- **Dataset content**
==========

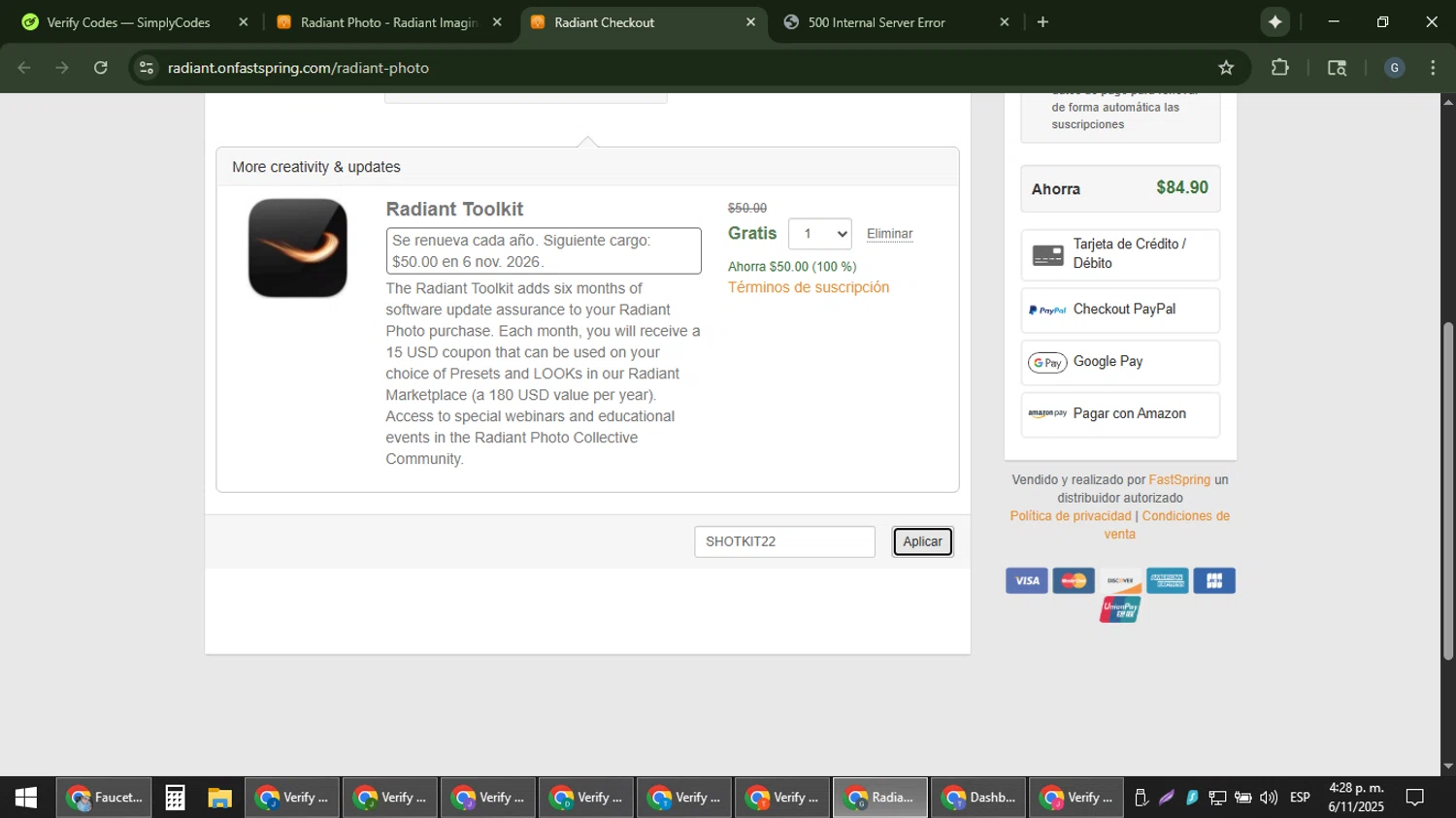 Radiant Imaging Labs promo code screenshot showing code SHOTKIT22 applied at Radiant Imaging Labs checkout page. Uploaded by SimplyCodes community member gabinharris55 on Nov 6, 2025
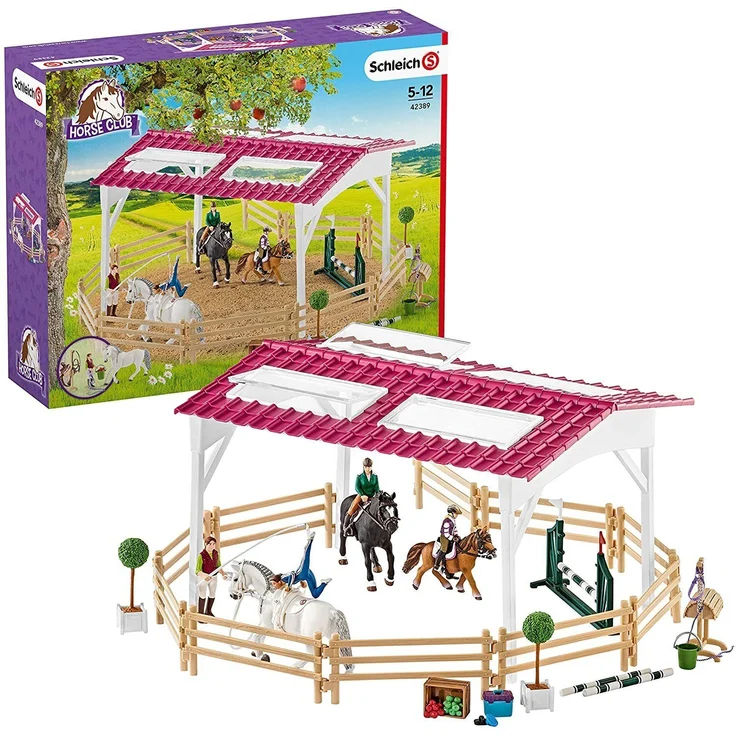 Schleich Horse Club 42389 'Reitschule mit Reiterinnen und Pferden', ab 5 Jahren, 40 Teile – Bild 1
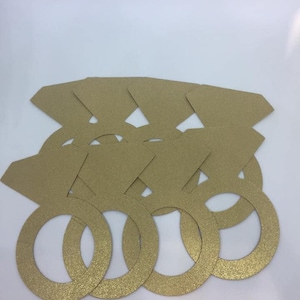 Wedding Wine Tags, Diamond Ring Tags, Glitter Wine Charms, Ring Charms, Wine Glass Tags, Metallic Gold Wine Tags, Reception Decor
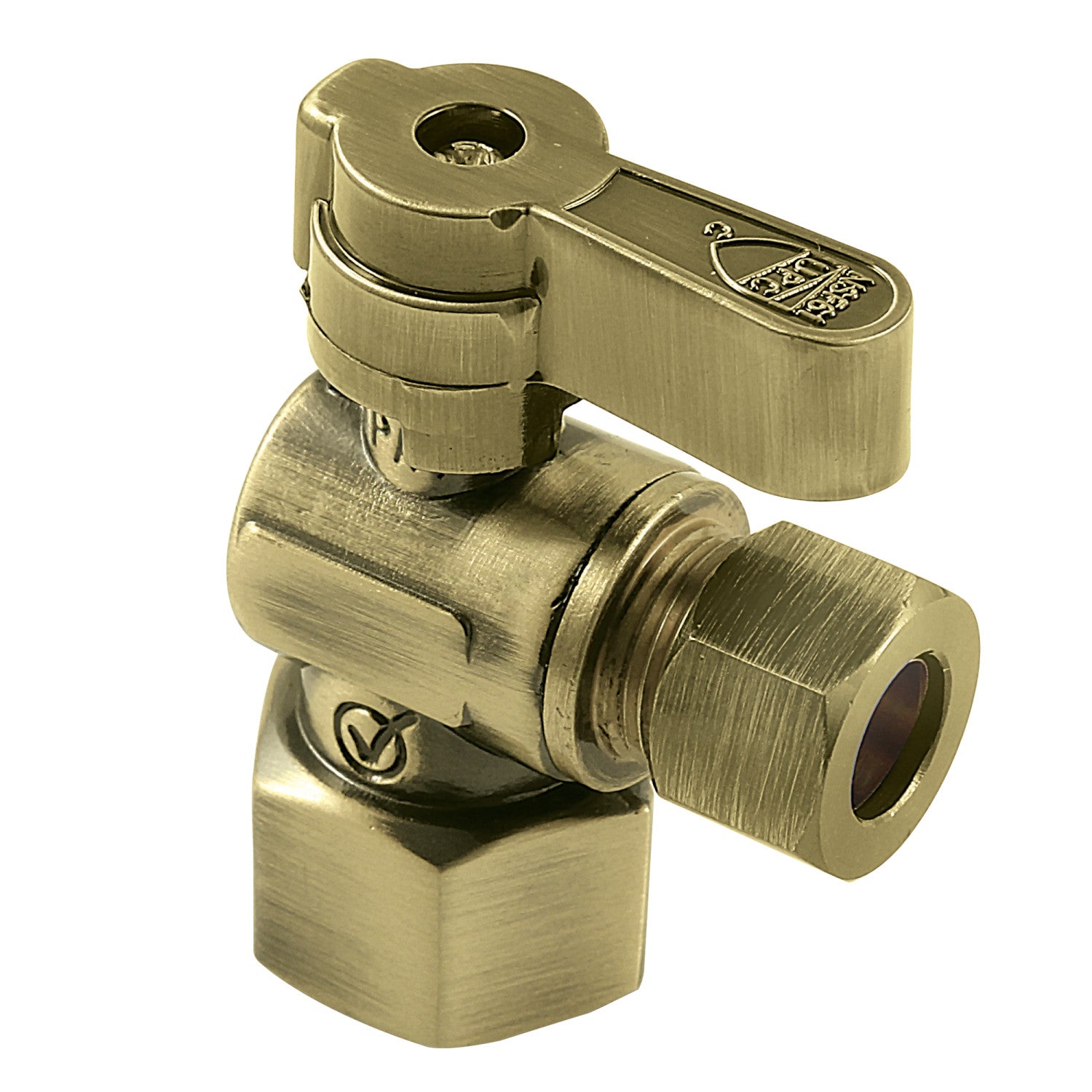 1/2 Inch FIP x 3/8 Inch O.D. Quarter Turn Angle Shut Off Valve - Antique Brass - Baseline KF4310AB - Perfect for Plumbing, Bathroom Fixtures & Appliance Connections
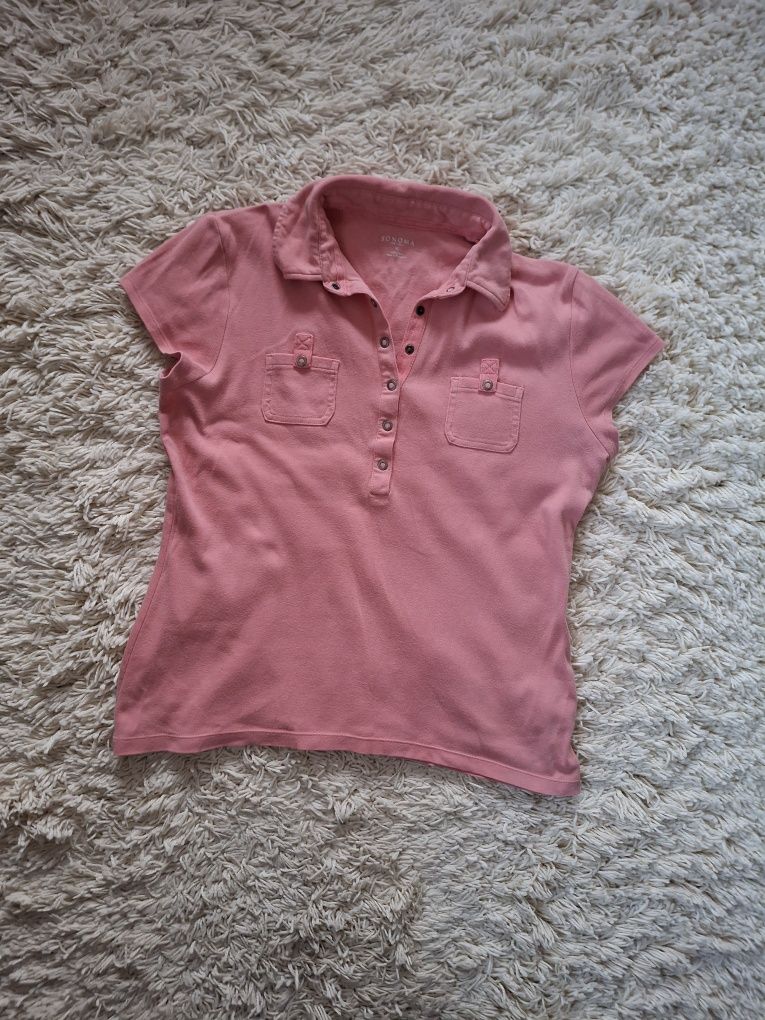 Różowa polówka z kieszeniami, tshirt damski, napy Sonoma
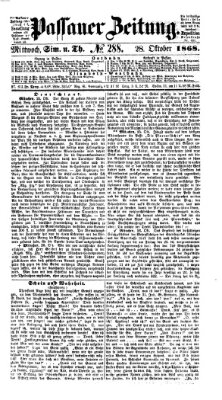 Passauer Zeitung Mittwoch 28. Oktober 1868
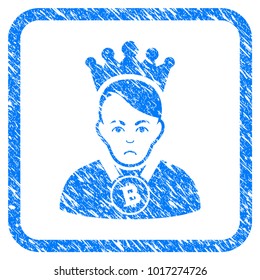 Bitcoin Lord rubber seal stamp imitation. Icon vector symbol with grunge design and unclean texture in rounded square. Scratched blue stamp imitation on a white background.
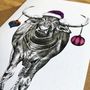 Water Buffalo With Baubles Christmas Greetings Card, thumbnail 4 of 4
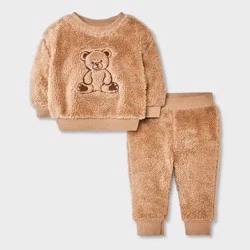 Baby 2pc Faux Shearling Teddy Bear Sweatshirt and Jogger Pants Set - Cat & Jack™ Brown 18M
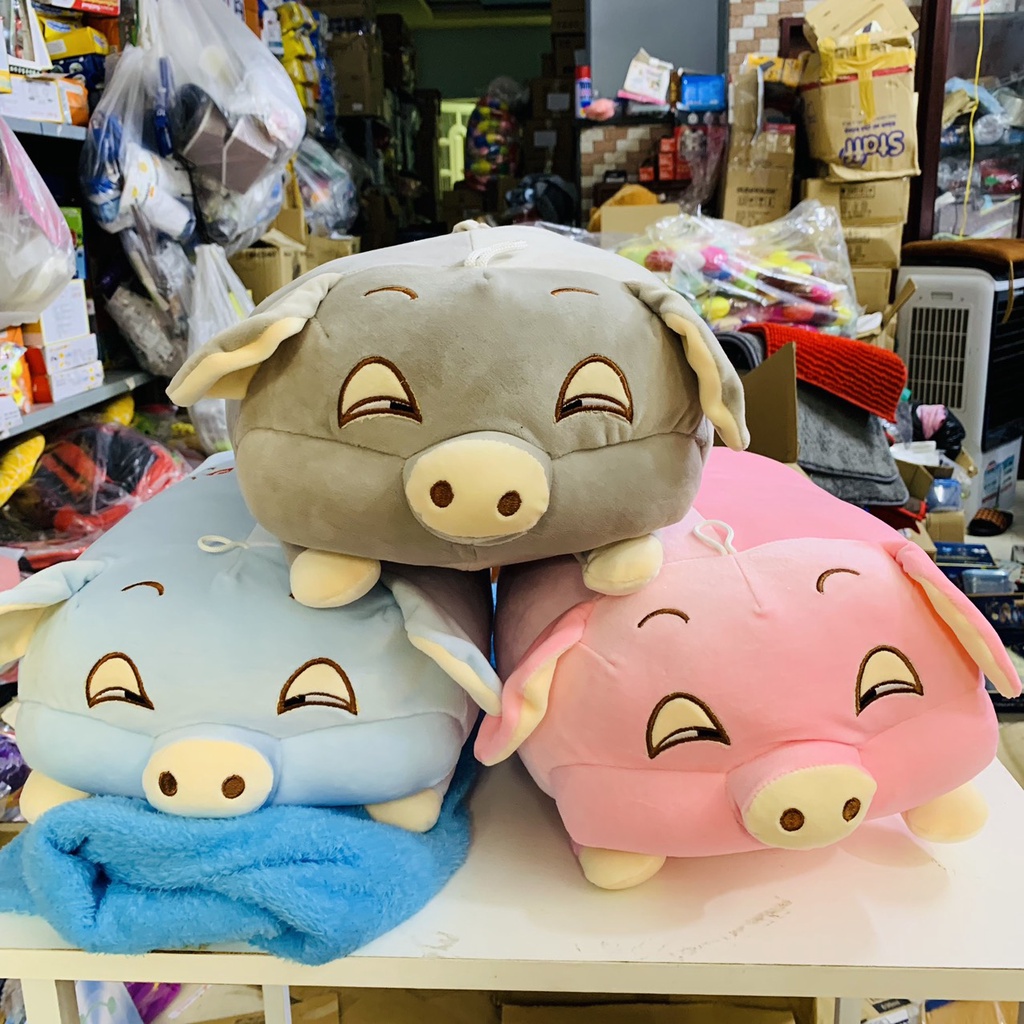 Combo Gấu bông 50cm kèm chăn(mền) hình bé heo - chuột vải nhung mịn bông êm dễ thương- hàng cao cấp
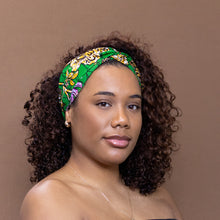 Load image into Gallery viewer, African print Headband - Adults - Hair Accessories - Green Flowers
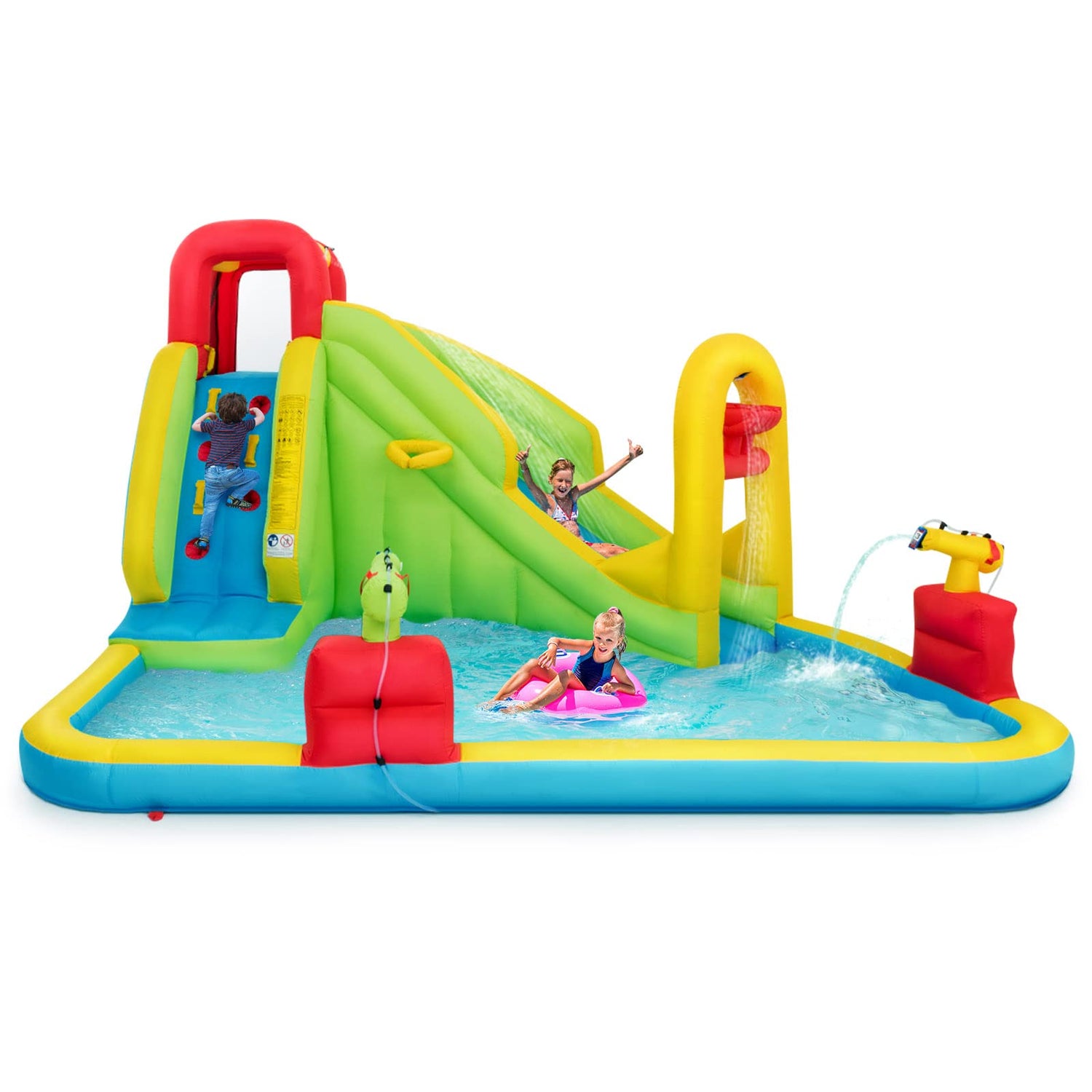 GYMAX Inflatable Water Park Slide with Climbing Wall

==========

Retype all the records exactly and keep out every picture.

- **Problem solution**
 Radiant Imaging Labs promo code screenshot showing code SHOTKIT22 applied at Radiant Imaging Labs checkout page. Uploaded by SimplyCodes community member gabinharris55 on Nov 6, 2025
 Schleich Horse Club 42389 'Reitschule mit Reiterinnen und Pferden', ab 5 Jahren, 40 Teile – Bild 1
 Wedding Wine Tags, Diamond Ring Tags, Glitter Wine Charms, Ring Charms, Wine Glass Tags, Metallic Gold Wine Tags, Reception Decor
 1/2 Inch FIP x 3/8 Inch O.D. Quarter Turn Angle Shut Off Valve - Antique Brass - Baseline KF4310AB - Perfect for Plumbing, Bathroom Fixtures & Appliance Connections
 Różowa polówka z kieszeniami, tshirt damski, napy Sonoma
 Passauer Zeitung Mittwoch 28. Oktober 1868
 Bitcoin Lord rubber seal stamp imitation. Icon vector symbol with grunge design and unclean texture in rounded square. Scratched blue stamp imitation on a white background.
 Water Buffalo With Baubles Christmas Greetings Card, thumbnail 4 of 4
 Baby 2pc Faux Shearling Teddy Bear Sweatshirt and Jogger Pants Set - Cat & Jack™ Brown 18M
 Combo Gấu bông 50cm kèm chăn(mền) hình bé heo - chuột vải nhung mịn bông êm dễ thương- hàng cao cấp
 Load image into Gallery viewer, African print Headband - Adults - Hair Accessories - Green Flowers
 GYMAX Inflatable Water Park Slide with Climbing Wall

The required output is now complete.